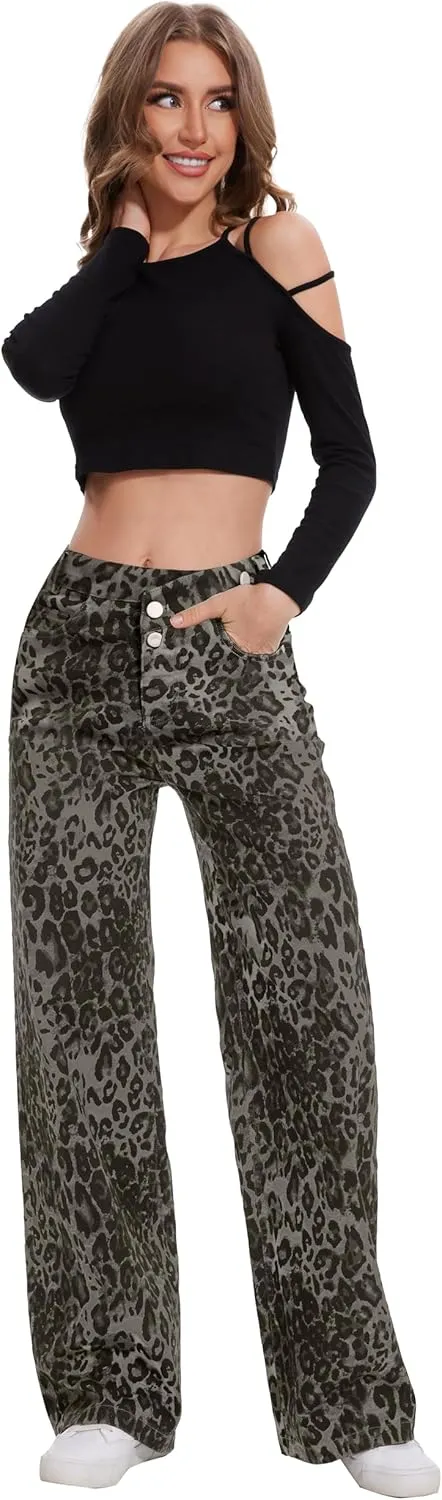 Jeans Women High Waist Wide Leg Baggy Jeans Boyfriends Stretch Denim Pants
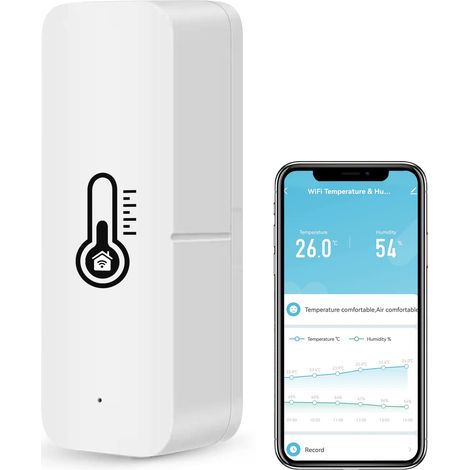 Termometro igrometro intelligente WiFi, sensore di temperatura e umidità interno/esterno Bluetooth, termometro WiFi APP Alexa/Google Assistant Telecomando per la casa. 1 confezione (1/5)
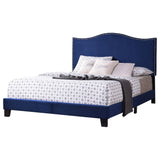 Skye Upholstered Panel Bed, Blue Velvet, King, With Solid Wood Legs, Nailhead Headboard, Footboard, Rails, Slats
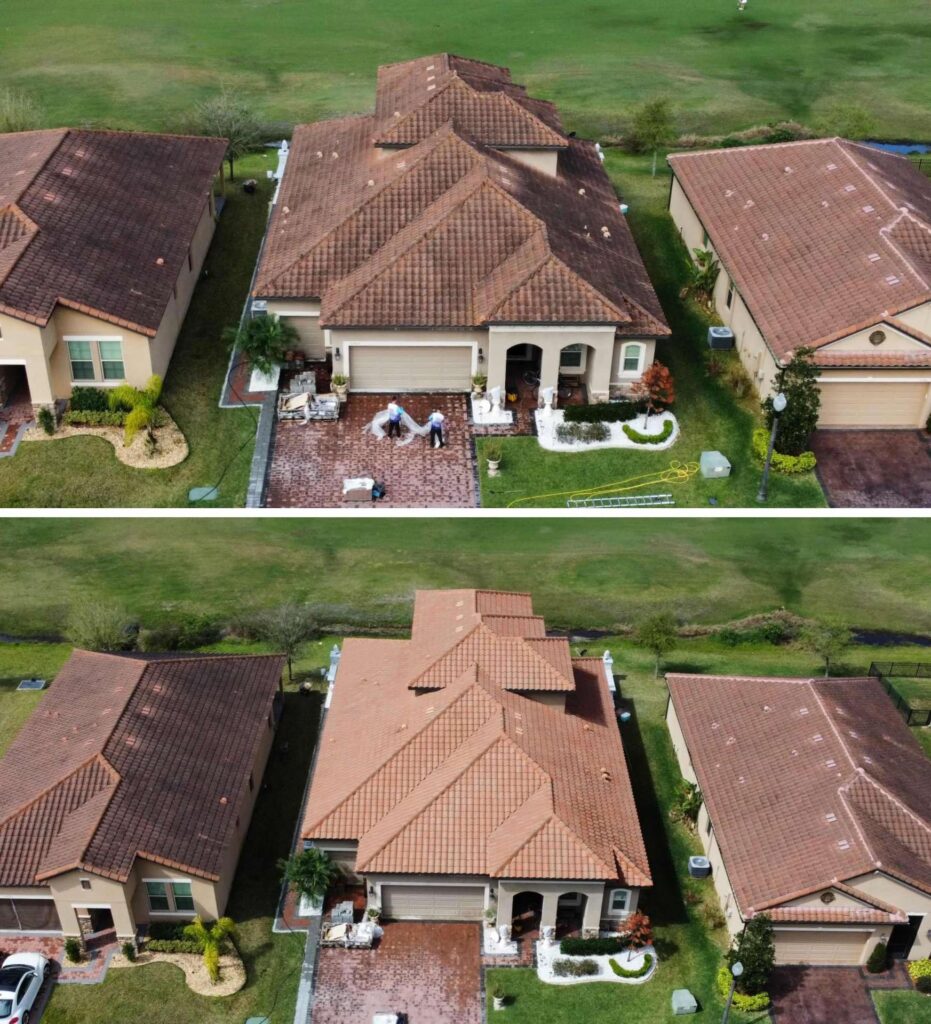 Aerial before and after of tile roof cleaning in Orlando FL - dark algae removed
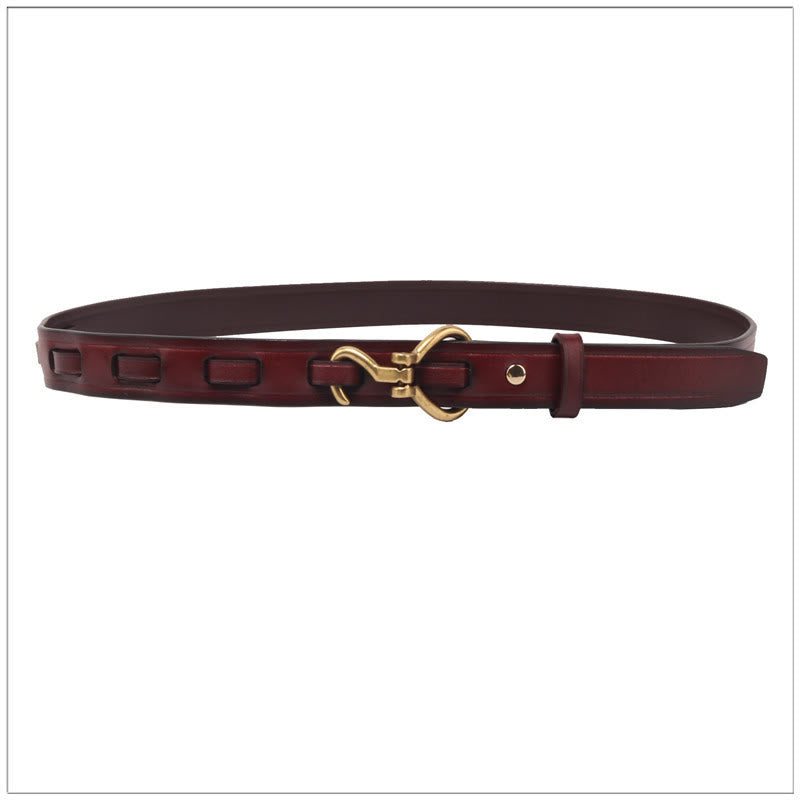 Ceinture en cuir pour femme, fine et élégante, avec boucle ardillon dorée - Caramel - 36 - image 7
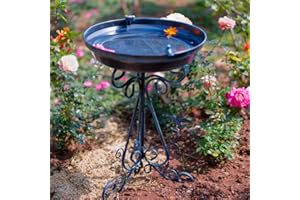 VEWOGARDEN Large Metal Bird Bath for Outside Garden Standing Birdbath with Folding Bracket for Outdoor Yard Patio Decor, Blue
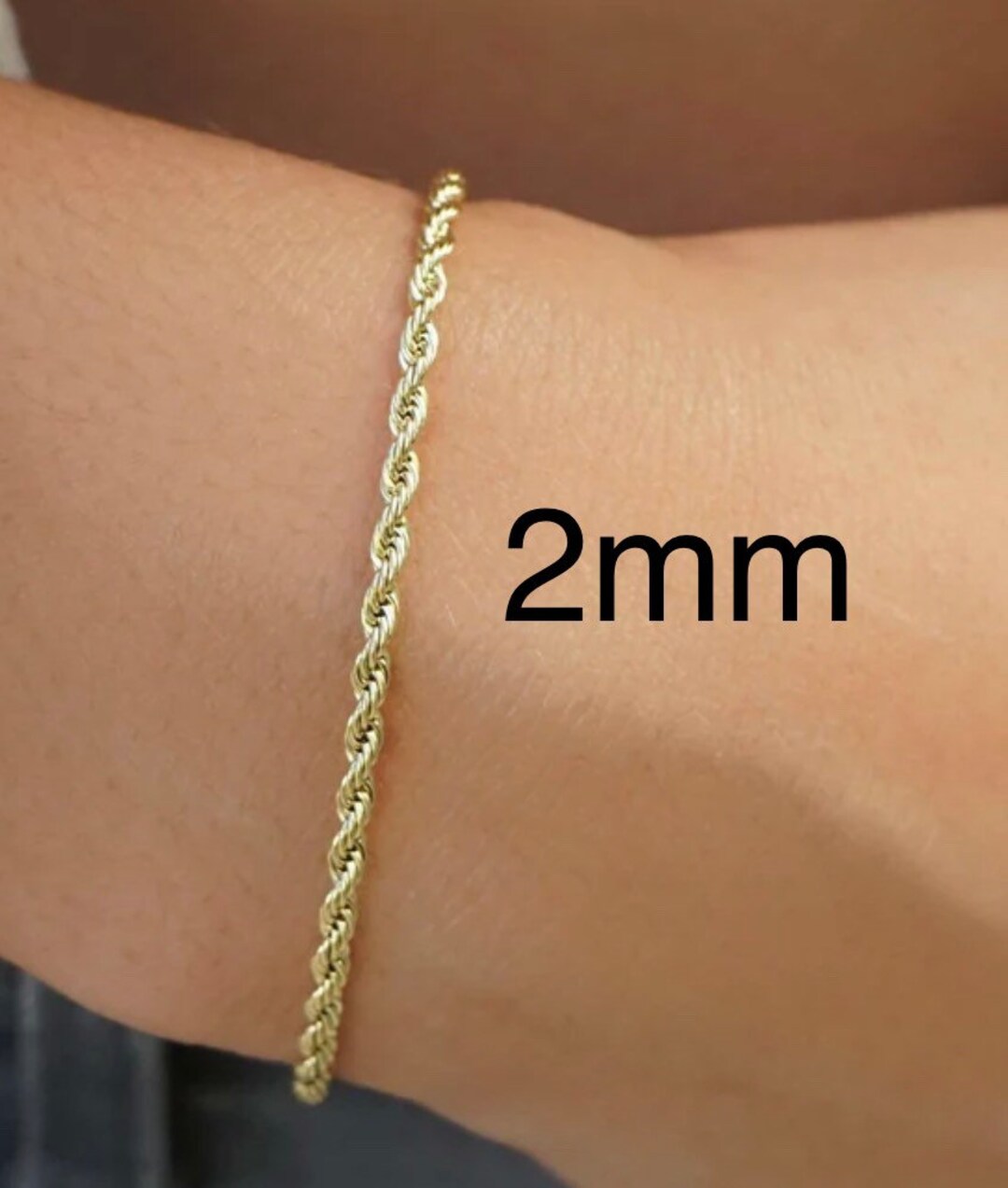 Solid 10k Rope Gold Bracelet Diamond Cut Men Bracelet Etsy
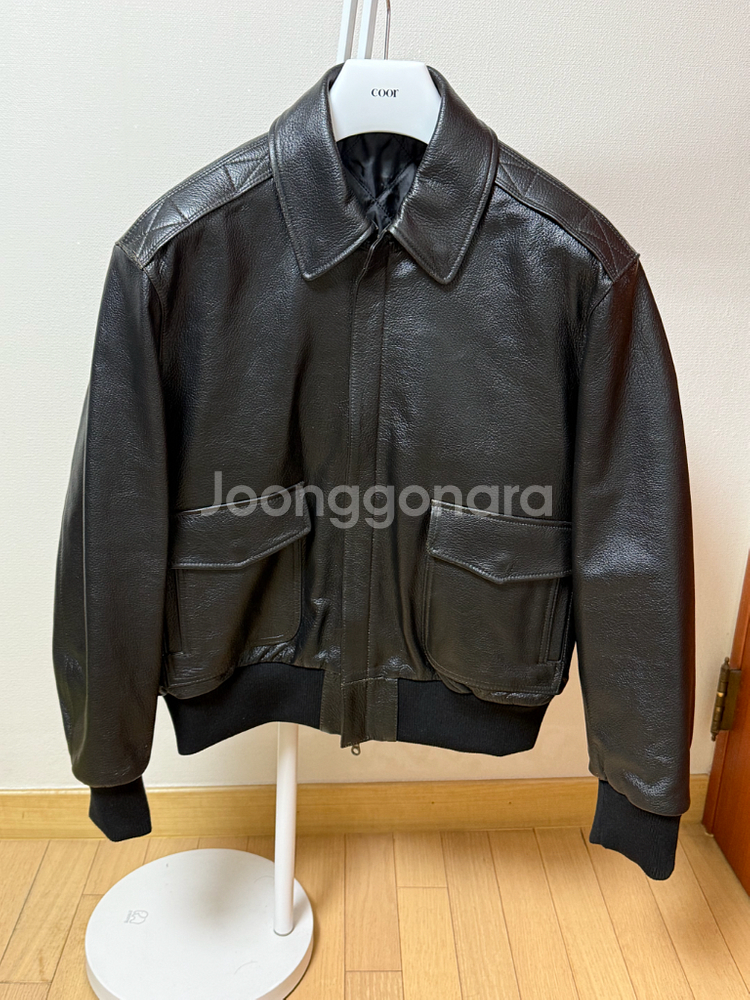 쿠어 고트 스킨 A-2 레더 자켓 (블랙) M사이즈--1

^^^^^^^^

[EXERCISE PROMPT] What you hand back should match the entries above exactly, except that no picture appears.

[YOUR SOLUTION]
 Jeans Women High Waist Wide Leg Baggy Jeans Boyfriends Stretch Denim Pants
 Termometro igrometro intelligente WiFi, sensore di temperatura e umidità interno/esterno Bluetooth, termometro WiFi APP Alexa/Google Assistant Telecomando per la casa. 1 confezione (1/5)
 Skye Upholstered Panel Bed, Blue Velvet, King, With Solid Wood Legs, Nailhead Headboard, Footboard, Rails, Slats
 Aerial before and after of tile roof cleaning in Orlando FL - dark algae removed
 Ceinture en cuir pour femme, fine et élégante, avec boucle ardillon dorée - Caramel - 36 - image 7
 VEWOGARDEN Large Metal Bird Bath for Outside Garden Standing Birdbath with Folding Bracket for Outdoor Yard Patio Decor, Blue
 Solid 10k Rope Gold Bracelet Diamond Cut Men Bracelet Etsy
 쿠어 고트 스킨 A-2 레더 자켓 (블랙) M사이즈--1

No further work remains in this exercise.